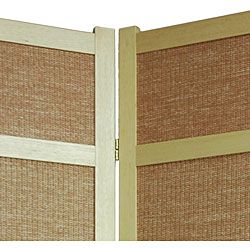 Jute 84 inch Room Divider (China)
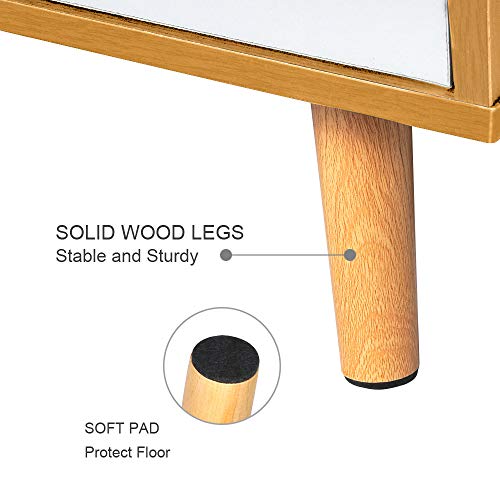 image for Menaka Wooden Kitchen Storage Cabinet Sideboard Cupboard and Buffet Ta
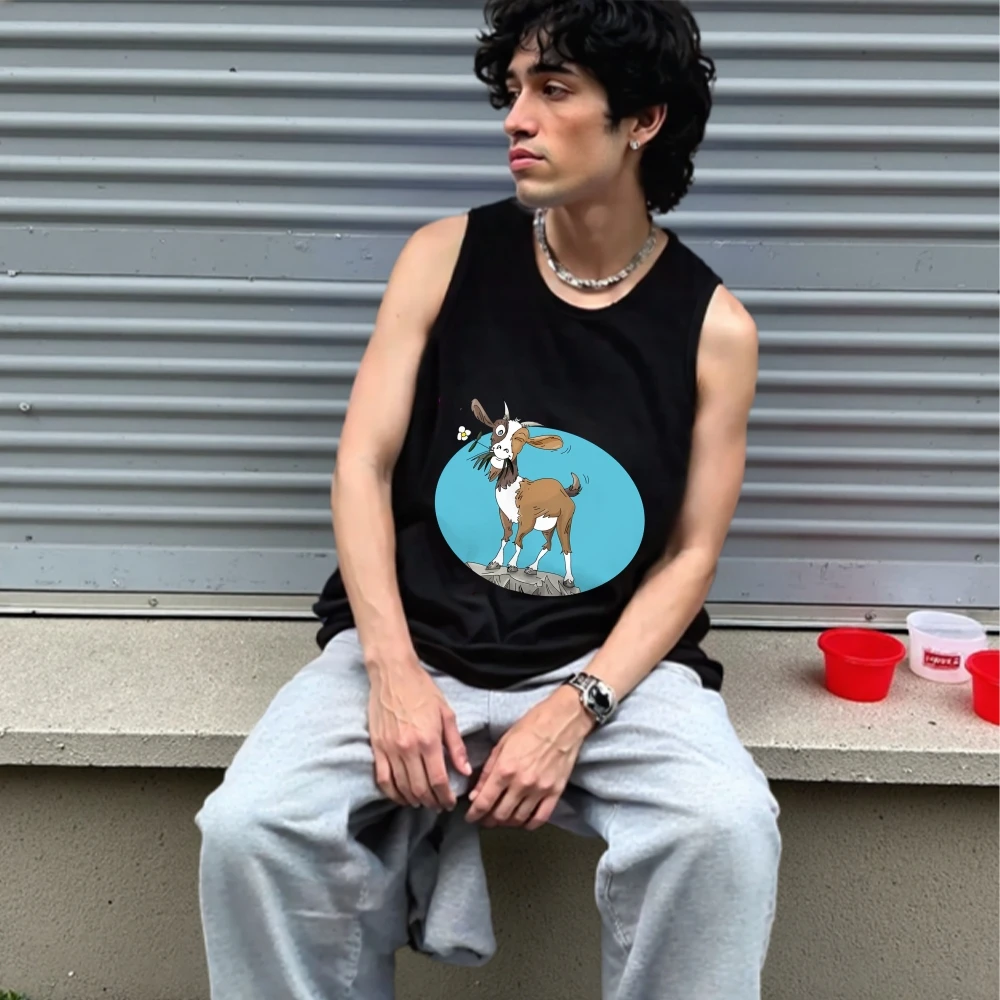 

High Quality Men's Clothing Summer Tank Tops Man Gym Streetwear Casual Fashion Comfort Shirt Sleeveless Shirt Vest For Training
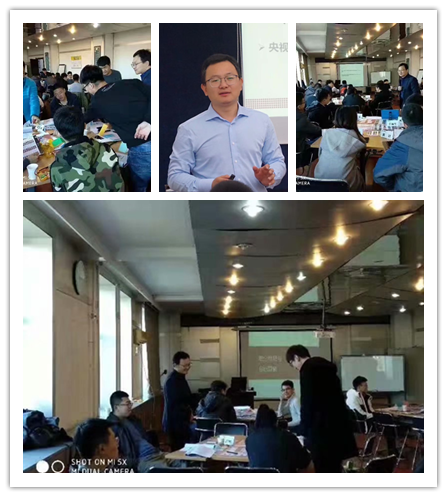 史广青老师受邀为东北某知名汽车销售公司,讲授《营销管理沙盘模拟》(第二期)课程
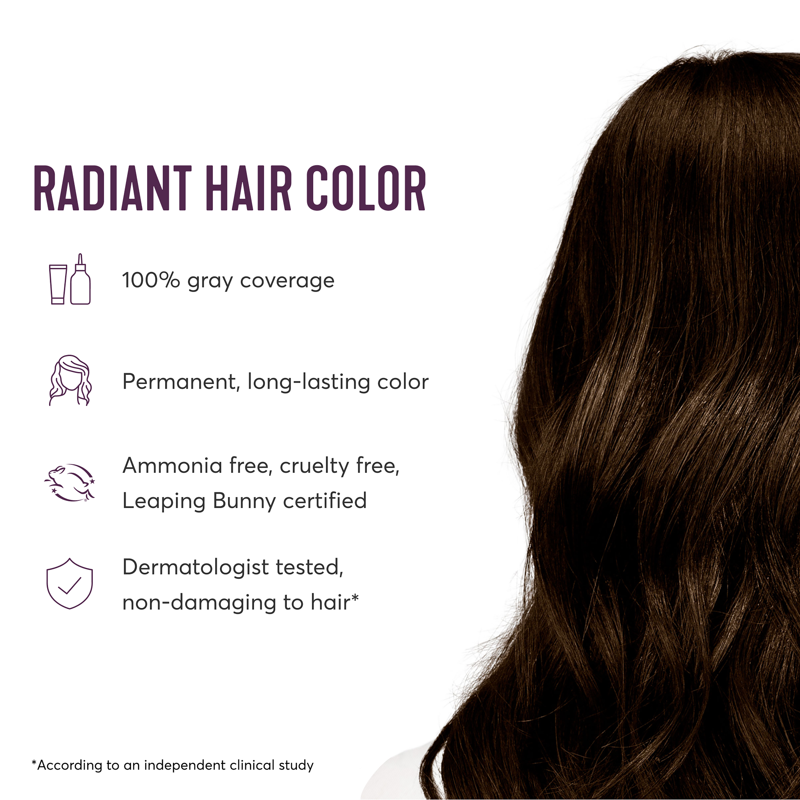 Radiant Permanent Hair Color Kit with Pro Boost Seal Treatment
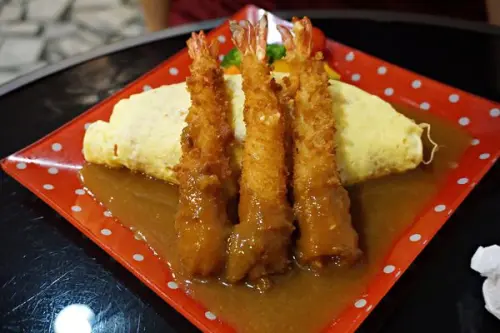 【合十屋】桃鶯路平價蛋包飯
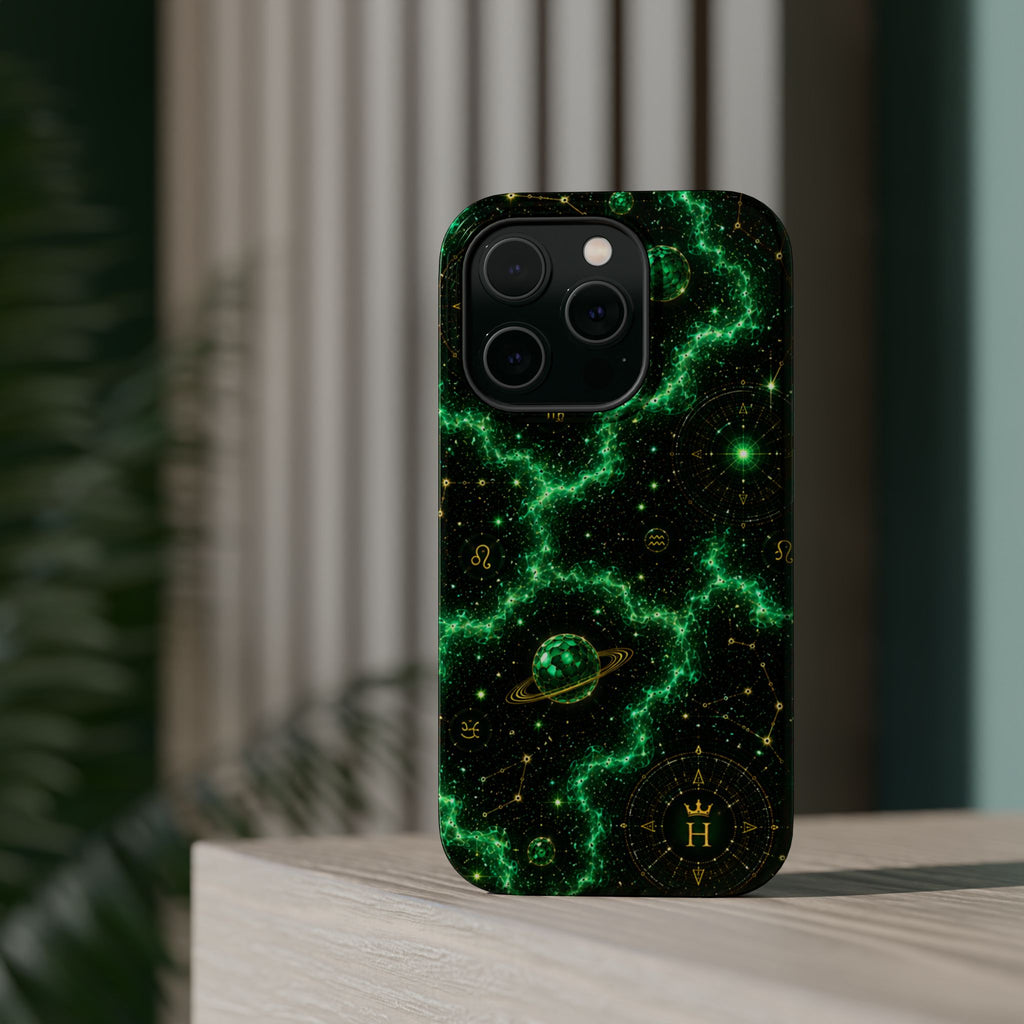 Astro Nebula Phone Case — Magnetic Impact-Resistant Space Design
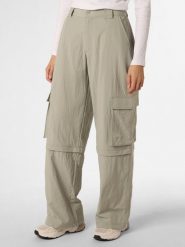 Tommy Jeans Spodnie Kobiety szary|zielony, S. Szare spodnie materiałowe damskie Tommy Jeans, s, bez wzorów, z jeansu. Za 379.95 zł.
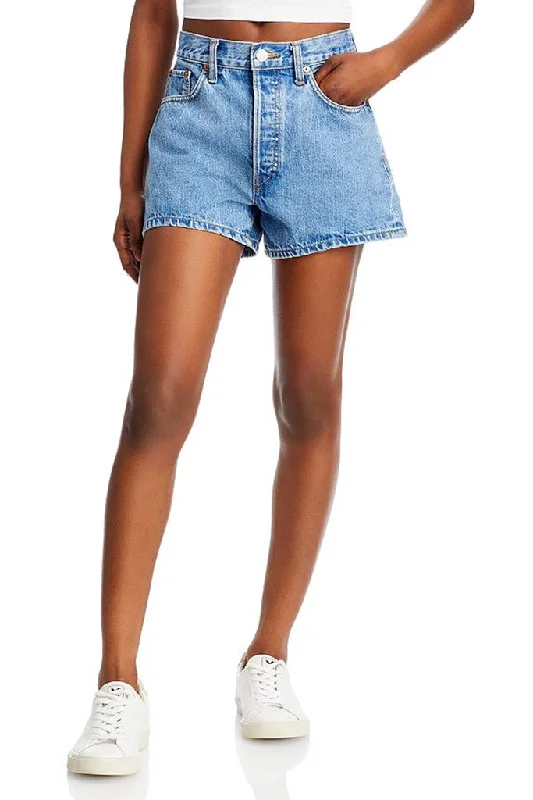 RE/DONE - 90's Low Slung Short - Stoney River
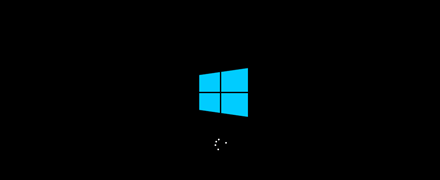 Windows 10のセットアップ画面の起動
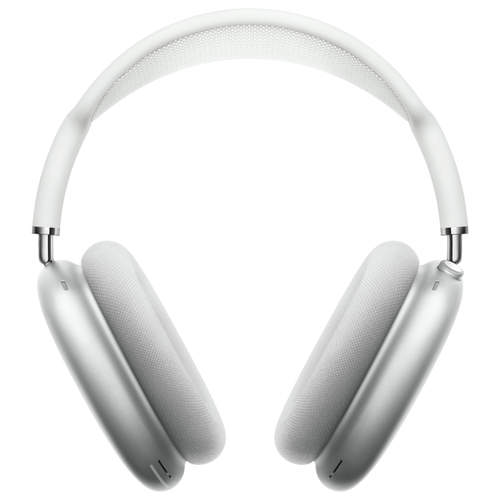 Беспроводные Bluetooth наушники Pods Max с защитным чехлом Полноразмерные наушники для iPhone Встроенный микрофон AUX Micro SD card Silver 89000₽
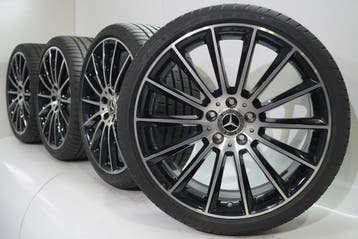 Mercedes E Klasse W213 S213 20 inch velgen Goodyear Runflat, Gebruikt, Velg(en), Ophalen of Verzenden, 20 inch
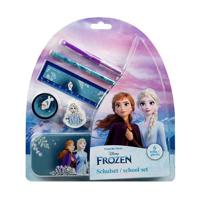 Undercover Schoolset disney frozen, 6dlg. - thumbnail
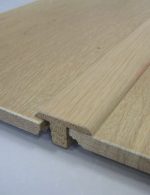 Profil de jonction pour parquets et sols de 15 à 17 mm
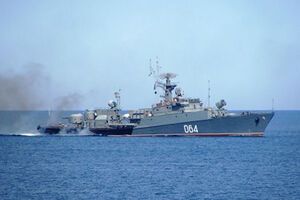 До маневрів залучили протичовновий корабель "Єйськ"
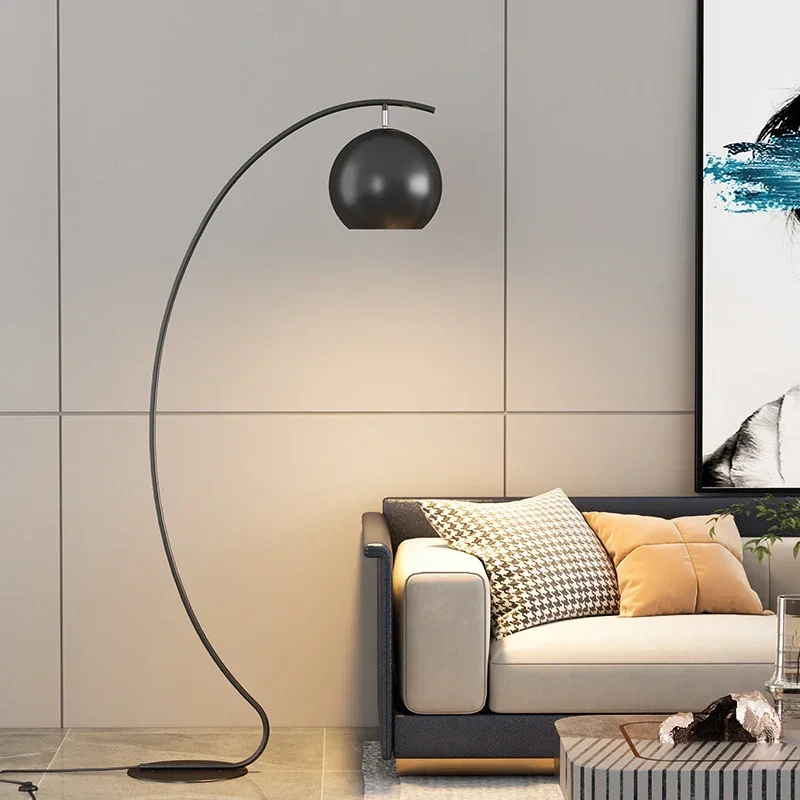ミニマリストの釣りLEDフロアランプ,芸術的な装飾照明器具, - Floor Lamp Tripod のレビューと価格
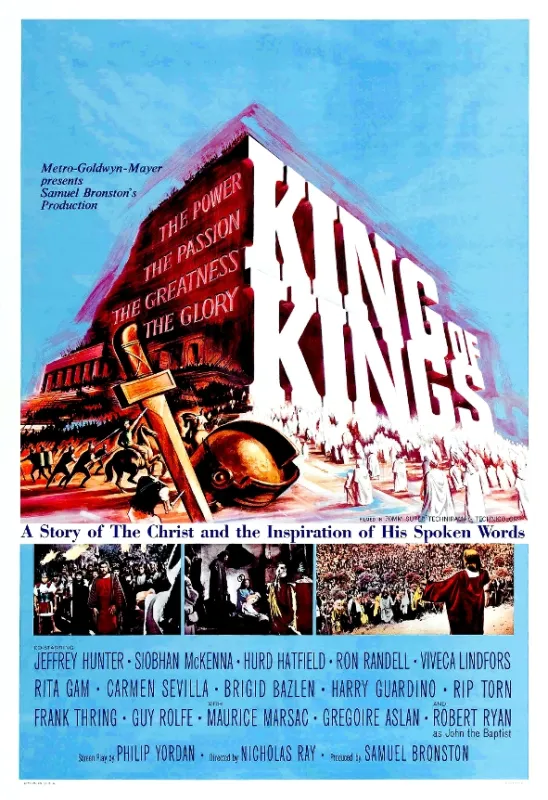 Král králů (King of Kings), 1961 - fotogaléria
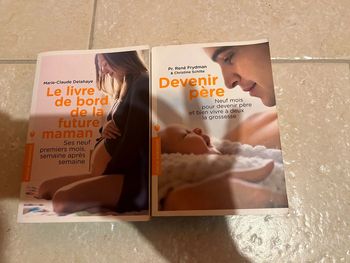 Livre de bord de la future maman devenir père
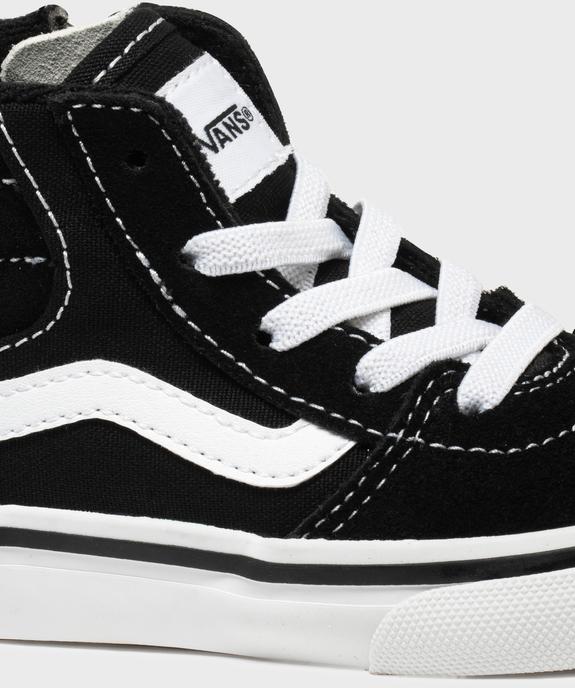 Baskets montantes en toile Ashwood Hi Decon side zip bébé - Vans vue6 - VANS - GEMO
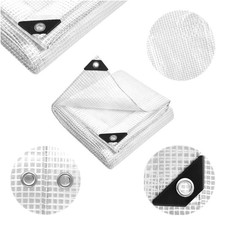 All Sizes Of Heavy Duty Clear Tarpaulin Waterproof Cover Ground Camping Sheet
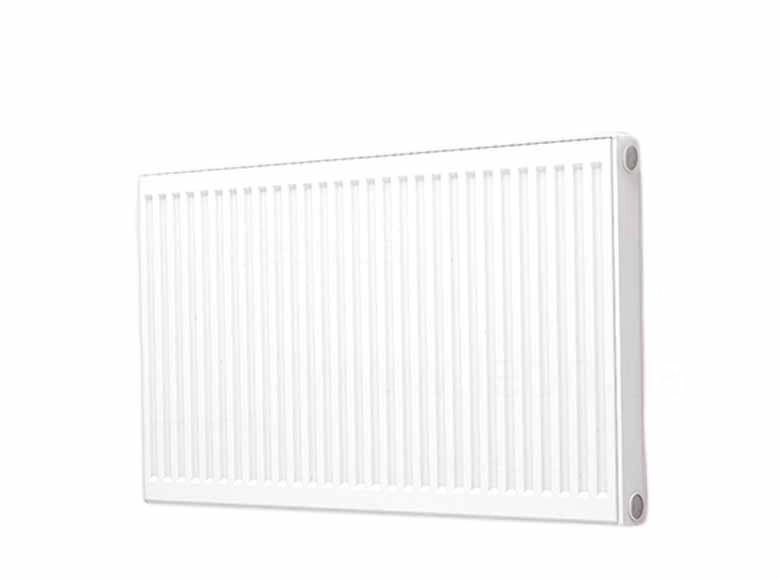 Радіатор сталевий  Compact Panel 33  TEK  300 x 800 мм  1463 Ват   бокове підключення  DeLonghi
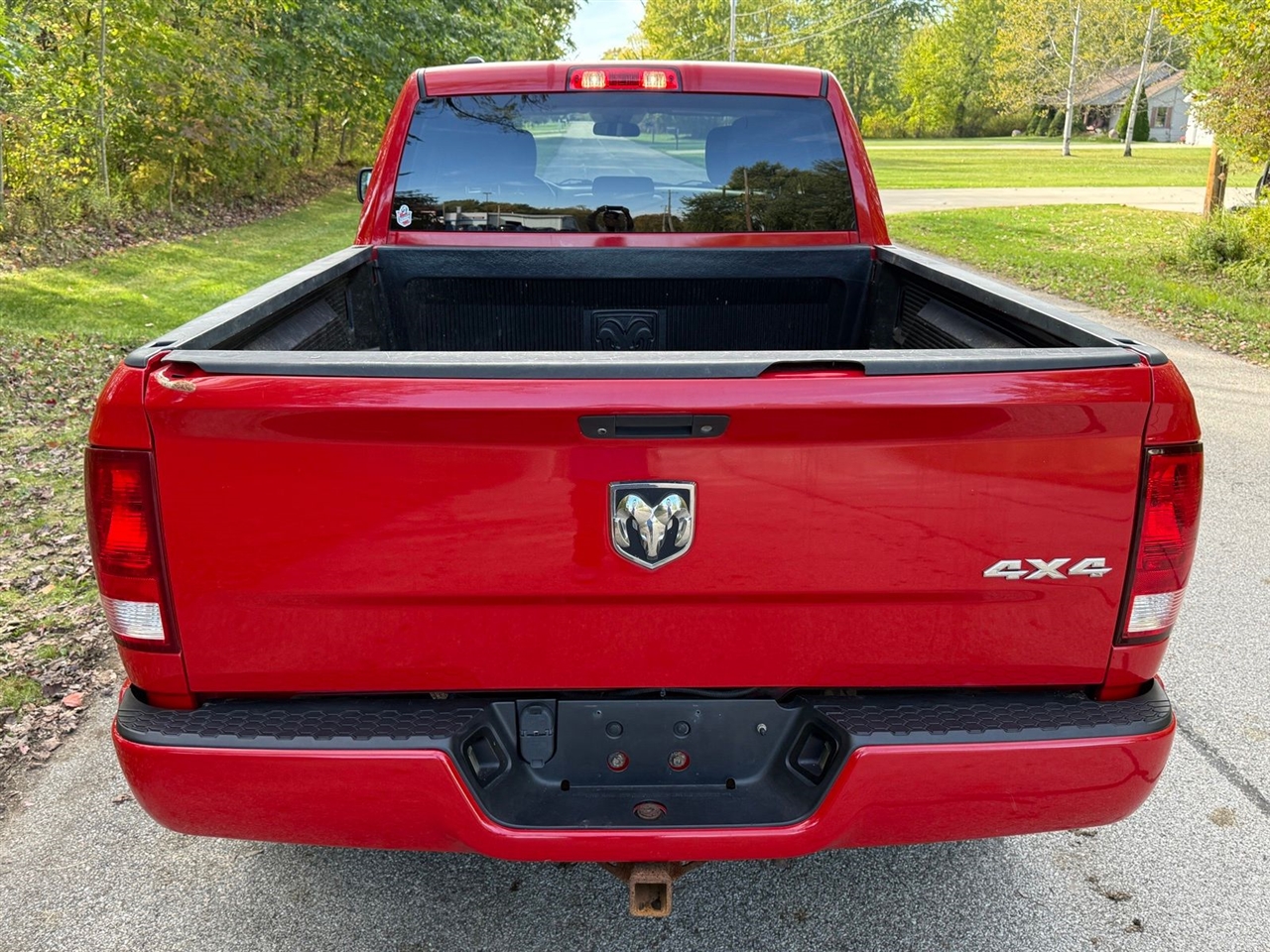 RAM 1500 Tradesman Quad Cab 4WD 2018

**INSTRUCTIONS TO FOLLOW:**
Write out the entries word for word. Skip the pictures.

**RESULT OF THE EXERCISE:**
 Jute 84 inch Room Divider (China)
 image for Menaka Wooden Kitchen Storage Cabinet Sideboard Cupboard and Buffet Ta

High Quality Men's Clothing Summer Tank Tops Man Gym Streetwear Casual Fashion Comfort Shirt Sleeveless Shirt Vest For Training
 史广青老师受邀为东北某知名汽车销售公司,讲授《营销管理沙盘模拟》(第二期)课程
 Radiant Permanent Hair Color Kit with Pro Boost Seal Treatment
 【合十屋】桃鶯路平價蛋包飯
 Astro Nebula Phone Case — Magnetic Impact-Resistant Space Design
 Tommy Jeans Spodnie Kobiety szary|zielony, S. Szare spodnie materiałowe damskie Tommy Jeans, s, bez wzorów, z jeansu. Za 379.95 zł.
 RE/DONE - 90's Low Slung Short - Stoney River
 Windows 10のセットアップ画面の起動
 Беспроводные Bluetooth наушники Pods Max с защитным чехлом Полноразмерные наушники для iPhone Встроенный микрофон AUX Micro SD card Silver 89000₽
 Mercedes E Klasse W213 S213 20 inch velgen Goodyear Runflat, Gebruikt, Velg(en), Ophalen of Verzenden, 20 inch
 Undercover Schoolset disney frozen, 6dlg. - thumbnail
 Profil de jonction pour parquets et sols de 15 à 17 mm
 До маневрів залучили протичовновий корабель "Єйськ"
ミニマリストの釣りLEDフロアランプ,芸術的な装飾照明器具, - Floor Lamp Tripod のレビューと価格
 Král králů (King of Kings), 1961 - fotogaléria
 Livre de bord de la future maman devenir père
 Baskets montantes en toile Ashwood Hi Decon side zip bébé - Vans vue6 - VANS - GEMO
 All Sizes Of Heavy Duty Clear Tarpaulin Waterproof Cover Ground Camping Sheet
 Радіатор сталевий  Compact Panel 33  TEK  300 x 800 мм  1463 Ват   бокове підключення  DeLonghi
 RAM 1500 Tradesman Quad Cab 4WD 2018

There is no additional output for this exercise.